Wendy L. Brandes and Sally Hoelscher’s USA Today Crossword, “Uppercase” — Emily’s write-up
Fantastic puzzle from a dynamic duo today!
Theme: in the downs today, the first word of each themer can be prepended with “case” to form a new phrase (or up above it)
- 28d. [Friend to do homework with], STUDYBUDDY
- 17d. [Lover of Renaissance fairs, perhaps], HISTORYBUFF
- 11d. [Queen’s subjects, in a hive], WORKERBEES
STUDYBUDDY takes me back to college in the library, especially given the timing with the start of school. HISTORYBUFF is another fun themer that makes me think of my dad and his love of Minnesota history. WORKERBEES took me a few more crossings today, as I usually think of them as just “workers” though it rounds out today’s set nicely. With the theme, we get: CASE STUDY, CASE HISTORY, and CASE WORKER. This puzzle is just so hard working and studious today!
Favorite fill: SETUP, STUDYBUDDY, MOONPIE (just had my first this week!), and AFOOT
Stumpers: ELEVENTH (needed crossings, tricky (but fun) cluing for me), INCOME (kept thinking about something being lifted and not the money sense), and HOU (new to me)
Given that I had a migraine today, it’s hard to know how much of my time was due to that versus difficulty level. What did you all think today? Was this puzzle significantly tougher than usual? Either way, I still loved it and adored the collab! Hope to see more from Wendy and Sally!
Catherine Cetta’s LA Times crossword – Gareth’s summary
I feel like I am missing a layer or two in today’s puzzle by Catherine Cetta. The central down answer is RISEANDFALL, [Move like tides and stock prices, or what the hidden words do in the answers to the starred clues?]. All I’m seeing is four answers with palindromic sections that spell words: NAAN, STATS, MADAM, and NOON. So:
- [*Forensic expert on many a crime drama], DNAANALYST
- [*”Is this a smile on my face?”], HOWMADAMI. Never heard that used as a phrase, ever…

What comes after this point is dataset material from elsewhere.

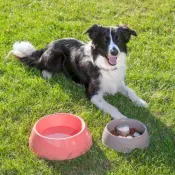 Pet Care Products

- [*Warning from the paranoid], TRUSTNOONE
[*Like Viola and Sebastian’s ship at the start of “Twelfth Night”], LOSTATSEA
The grid itself felt very open, and featured a lot of six-to-eight word answers. Highlights included [“Aw, darn it!”], OHHELL; [Neighborhood diner?], LOCAVORE; [Restored to mint condition], LIKENEW.